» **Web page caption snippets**
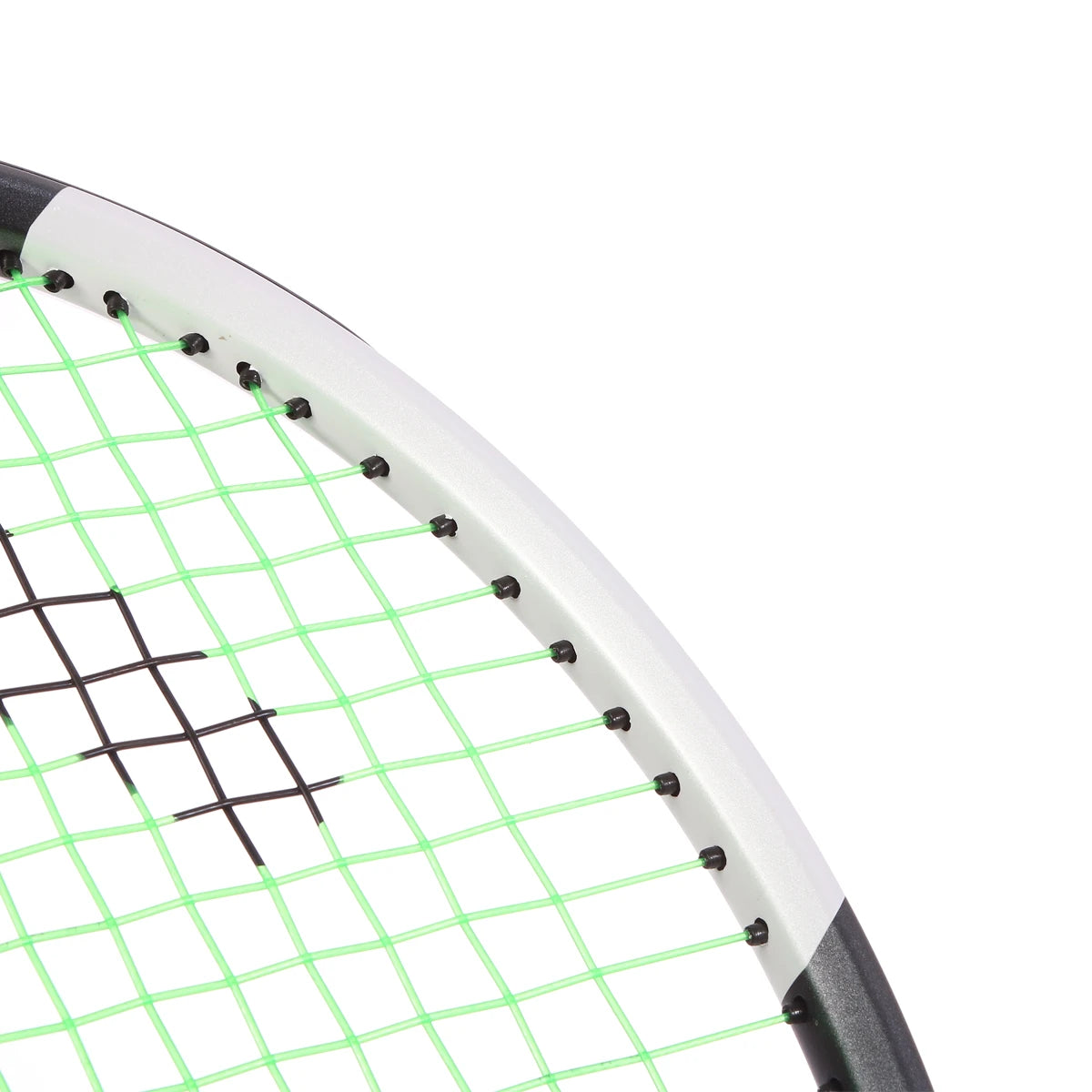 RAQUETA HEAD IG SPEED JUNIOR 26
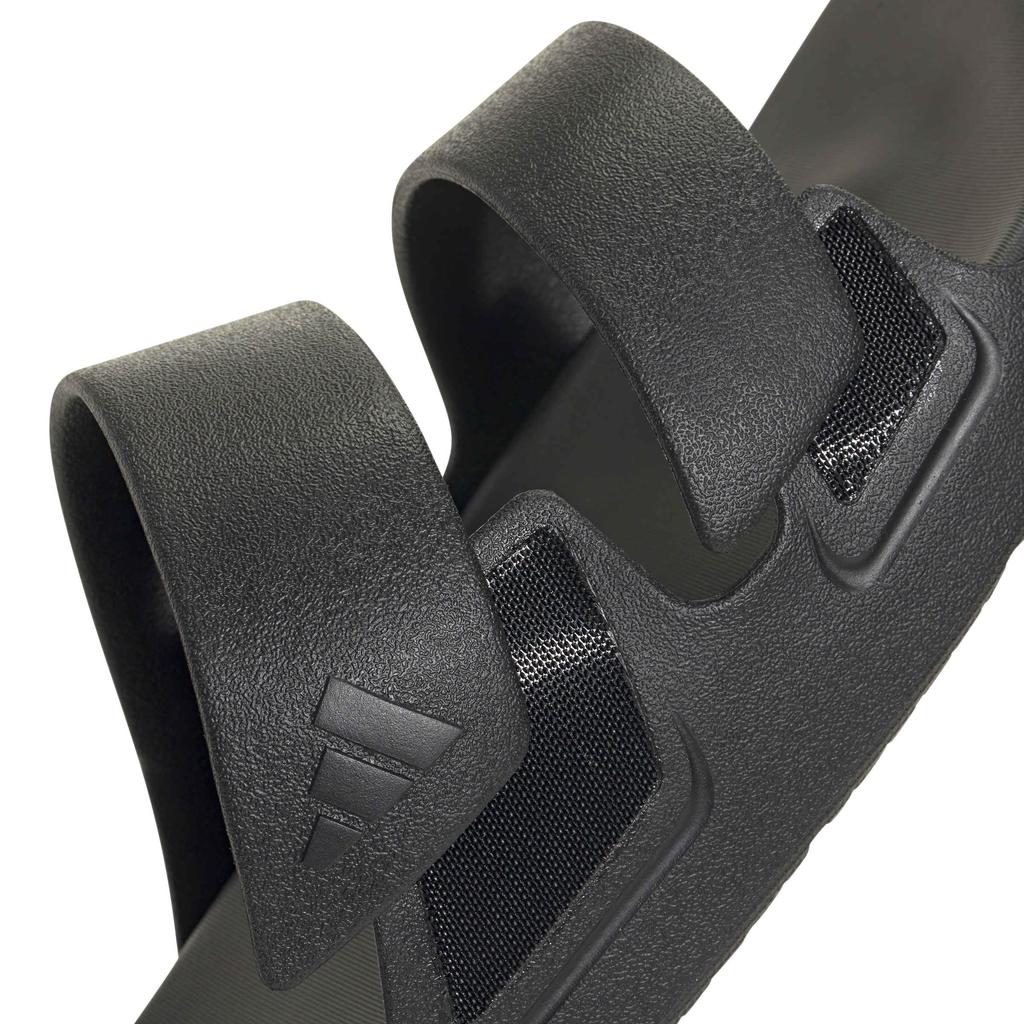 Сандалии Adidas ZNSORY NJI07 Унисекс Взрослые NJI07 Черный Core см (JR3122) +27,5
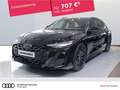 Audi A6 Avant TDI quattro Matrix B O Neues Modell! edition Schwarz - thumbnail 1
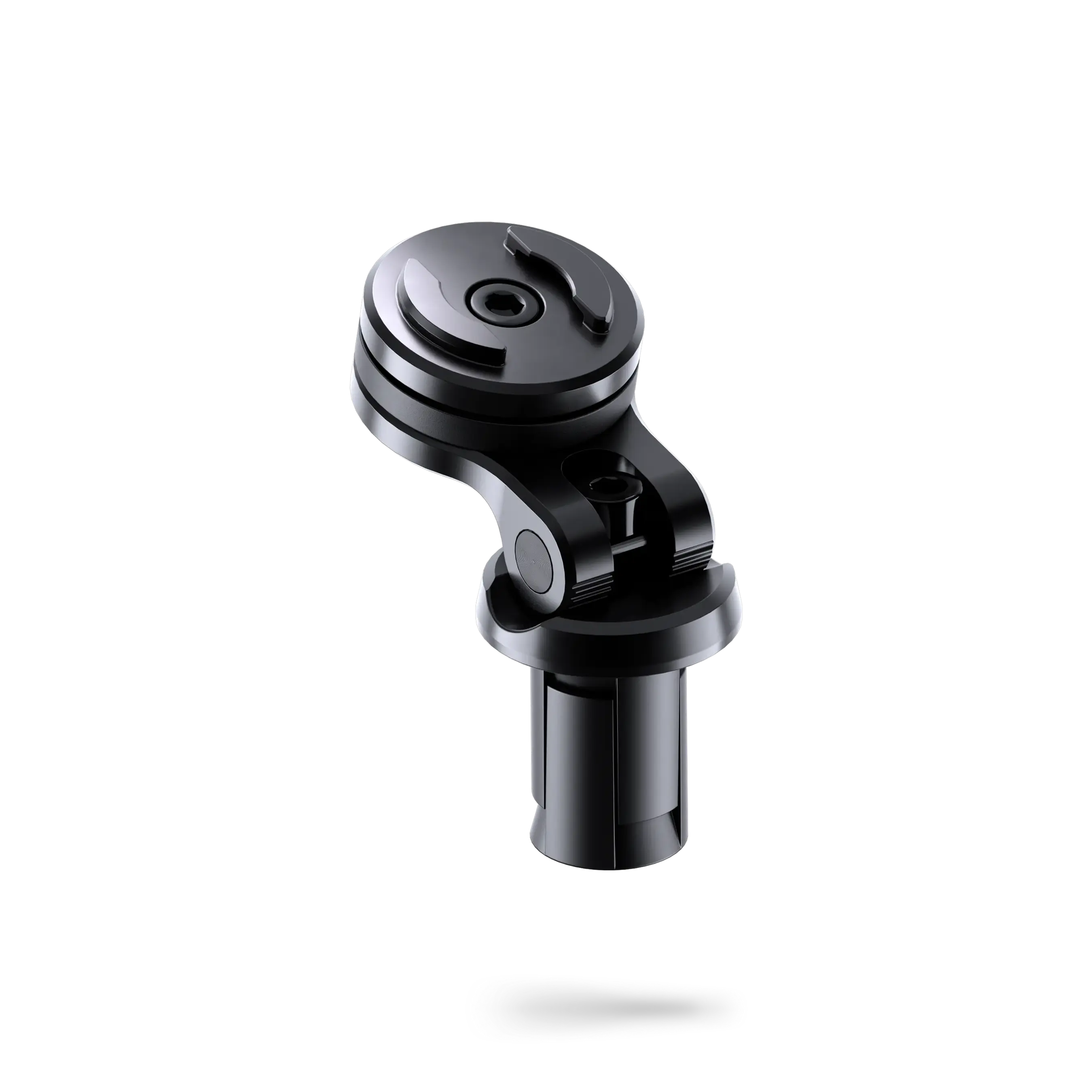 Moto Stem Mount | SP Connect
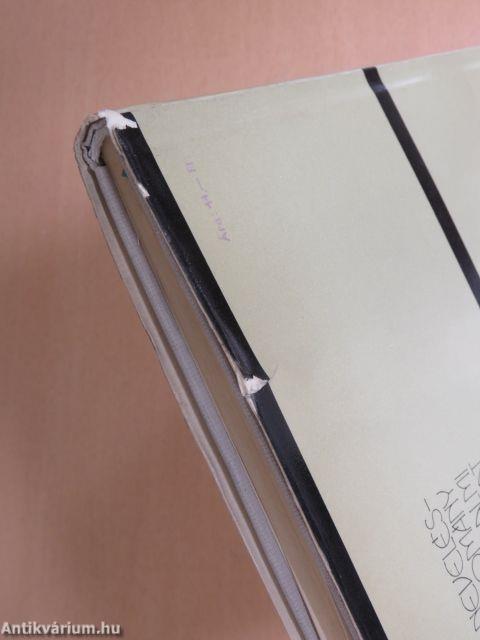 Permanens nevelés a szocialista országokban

» **About this exercise**
Word-for-word copy, no pictures: write out the entries above in full.

» **Output for this task**
 RAQUETA HEAD IG SPEED JUNIOR 26
 Сандалии Adidas ZNSORY NJI07 Унисекс Взрослые NJI07 Черный Core см (JR3122) +27,5
 Audi A6 Avant TDI quattro Matrix B O Neues Modell! edition Schwarz - thumbnail 1
 Moto Stem Mount | SP Connect
 Permanens nevelés a szocialista országokban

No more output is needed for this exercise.